To achieve the results LEED aims for requires not just gaming symptoms, but rather an actual commitment to good processes, for the planning, design, construction, and operation of capital assets. The foundation for these good processes must be a non-transient base of information that is accessible throughout the entire building life-cycle. All process audit functions, whether energy modeling, code compliance checking, or even commissioning must be based directly on that information base. If we used such a process, most of the LEED points would fall automatically from the process, with little extra effort necessary.
When we score LEED points without examining the underlying process, we are summing nonsense. Here are some specifics:
- At UNC, buildable lots are identified and cleared five to ten years before construction starts. Every clear lot is, as on most campuses, used as a parking lot. Today, we get green points because under LEED, siting buildings on brown fields, such as parking lots, is a best practice.
- We specify, for reasons that are primarily historical and regulatory, CAD-based designs. To get green points, we require that the designer acquire an energy model. That model has no intrinsic link to the CAD design, and there is no way to determine if value engineering removes the features modeled.
- Building systems are drafted as crude schematics, with no provable links to actual wiring and control tags. This creates building monitoring systems that cannot be linked back to the design, nor to the energy model. This makes commissioning more arduous and less effective.
- Practitioners in retro-commissioning, that is the process of re-visiting a building possibly years after initial construction and examining system operations are unanimous; nothing would be worse that returning the building to its initial design state.
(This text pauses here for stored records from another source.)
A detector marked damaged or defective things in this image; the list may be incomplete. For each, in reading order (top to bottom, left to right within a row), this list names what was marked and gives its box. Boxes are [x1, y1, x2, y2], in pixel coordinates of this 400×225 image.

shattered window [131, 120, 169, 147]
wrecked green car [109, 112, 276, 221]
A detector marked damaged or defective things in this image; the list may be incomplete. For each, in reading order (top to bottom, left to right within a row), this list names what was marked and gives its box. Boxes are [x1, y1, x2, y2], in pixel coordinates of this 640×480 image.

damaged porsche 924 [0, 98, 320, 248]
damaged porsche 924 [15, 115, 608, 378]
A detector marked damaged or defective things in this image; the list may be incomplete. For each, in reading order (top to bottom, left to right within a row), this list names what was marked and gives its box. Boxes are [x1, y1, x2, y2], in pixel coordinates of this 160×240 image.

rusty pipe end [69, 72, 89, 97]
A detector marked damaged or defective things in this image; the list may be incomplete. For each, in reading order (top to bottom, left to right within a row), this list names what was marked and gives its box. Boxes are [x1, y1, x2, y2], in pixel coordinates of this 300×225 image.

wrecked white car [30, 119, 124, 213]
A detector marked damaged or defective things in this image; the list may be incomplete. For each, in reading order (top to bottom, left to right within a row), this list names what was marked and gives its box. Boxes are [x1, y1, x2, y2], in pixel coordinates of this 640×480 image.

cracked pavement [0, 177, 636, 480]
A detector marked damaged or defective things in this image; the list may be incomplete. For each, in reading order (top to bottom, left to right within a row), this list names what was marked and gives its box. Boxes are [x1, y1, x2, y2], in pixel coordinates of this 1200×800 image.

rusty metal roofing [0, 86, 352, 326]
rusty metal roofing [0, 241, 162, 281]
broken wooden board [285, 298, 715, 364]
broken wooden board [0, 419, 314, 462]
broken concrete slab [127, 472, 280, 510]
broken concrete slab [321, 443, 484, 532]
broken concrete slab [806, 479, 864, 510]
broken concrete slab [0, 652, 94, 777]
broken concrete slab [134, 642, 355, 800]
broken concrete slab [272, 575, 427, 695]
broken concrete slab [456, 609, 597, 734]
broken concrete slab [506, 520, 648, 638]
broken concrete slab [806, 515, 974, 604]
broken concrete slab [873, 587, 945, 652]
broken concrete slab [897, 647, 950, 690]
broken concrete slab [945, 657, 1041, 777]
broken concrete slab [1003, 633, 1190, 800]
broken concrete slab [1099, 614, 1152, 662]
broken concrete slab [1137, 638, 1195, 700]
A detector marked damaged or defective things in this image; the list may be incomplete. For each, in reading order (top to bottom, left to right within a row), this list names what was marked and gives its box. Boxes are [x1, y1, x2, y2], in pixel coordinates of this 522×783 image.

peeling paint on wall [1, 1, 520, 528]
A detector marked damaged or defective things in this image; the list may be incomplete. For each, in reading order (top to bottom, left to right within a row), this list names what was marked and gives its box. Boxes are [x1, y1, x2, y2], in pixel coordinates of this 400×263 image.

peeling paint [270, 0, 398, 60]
Even in new buildings with high LEED ratings, the control systems were only partially designed at best.
Without a design process that actually includes the mechanical systems and their controls, there is no underlying operational model for the building. Without an underlying model, ongoing system maintenance is based upon guesses. Without live performance metrics, including instant access to energy metering, linked to that model, than building system operations are based upon experience and guesswork. When the system is green and non-traditional, you can eliminate experience, leaving only guesswork. to operate the building, and to tell if the building is being tuned into or falling out of control.
The solution to these problems is an integrated data model for the building whose life extends as long as the life of the building. The data model starts with the capture of the design intents. Building designs should be models, not drawings, and should be standards-based. The energy model would then run directly off the building model and could be compared to the design goals. Changes to the design, especially during value engineering when many innovative features are eliminated, could be automatically reflected in updated energy models.
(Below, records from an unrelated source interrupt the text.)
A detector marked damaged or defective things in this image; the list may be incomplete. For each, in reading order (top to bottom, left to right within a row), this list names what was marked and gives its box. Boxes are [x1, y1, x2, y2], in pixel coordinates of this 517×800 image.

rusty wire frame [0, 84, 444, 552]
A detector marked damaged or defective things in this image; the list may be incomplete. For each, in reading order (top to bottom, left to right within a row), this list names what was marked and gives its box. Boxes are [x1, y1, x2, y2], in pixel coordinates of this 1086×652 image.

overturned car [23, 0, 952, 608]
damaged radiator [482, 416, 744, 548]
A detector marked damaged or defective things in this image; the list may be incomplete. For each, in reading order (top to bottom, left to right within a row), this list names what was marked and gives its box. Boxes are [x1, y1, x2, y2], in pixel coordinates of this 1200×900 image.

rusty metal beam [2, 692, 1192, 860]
The electronic building model should be available electronically to each bidder and used throughout the construction process. The increased accuracy of the bid package and reduction in change orders during construction would reduce costs and result in as-built models that match the initial design. These accurate designs, delivered to the owner, would include full identification of the internal systems, their components, and their performance expectations.
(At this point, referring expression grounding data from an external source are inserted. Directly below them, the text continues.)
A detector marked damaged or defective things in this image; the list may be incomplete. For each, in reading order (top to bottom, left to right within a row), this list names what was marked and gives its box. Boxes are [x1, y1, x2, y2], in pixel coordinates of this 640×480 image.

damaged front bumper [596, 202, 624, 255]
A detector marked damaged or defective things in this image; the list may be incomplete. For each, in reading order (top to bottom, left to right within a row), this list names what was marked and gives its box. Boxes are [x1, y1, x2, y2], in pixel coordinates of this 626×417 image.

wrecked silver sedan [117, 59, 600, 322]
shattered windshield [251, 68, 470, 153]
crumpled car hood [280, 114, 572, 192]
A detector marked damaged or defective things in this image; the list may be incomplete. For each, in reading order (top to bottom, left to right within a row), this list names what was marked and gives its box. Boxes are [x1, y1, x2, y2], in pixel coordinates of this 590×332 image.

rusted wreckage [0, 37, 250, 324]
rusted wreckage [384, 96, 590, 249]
With delivery of the as-built models, using system identifications consistent with the initial design documents, building commissioning becomes validation of performance to the design. In the case of energy systems, commissioning becomes validation to and alignment with the energy model. This, at last, becomes a significant improvement over the traditional standard, described, only half in jest, as “no sparks”.
Under this business model, LEED credit would become relevant. Each LEED point is no longer a game-able item separate from the actual business process, but an intrinsic metric of the quality of the process. Facts necessary to support innovative systems would be available to maintenance and operations throughout the life of the building. Those would be green points worth earning.
Note: I know of and am watching eagerly the development of ASHRAE standard G189P. I think the observations here are aligned with its intent, It will offer some improved structure that will lead to measurable sustainable performance.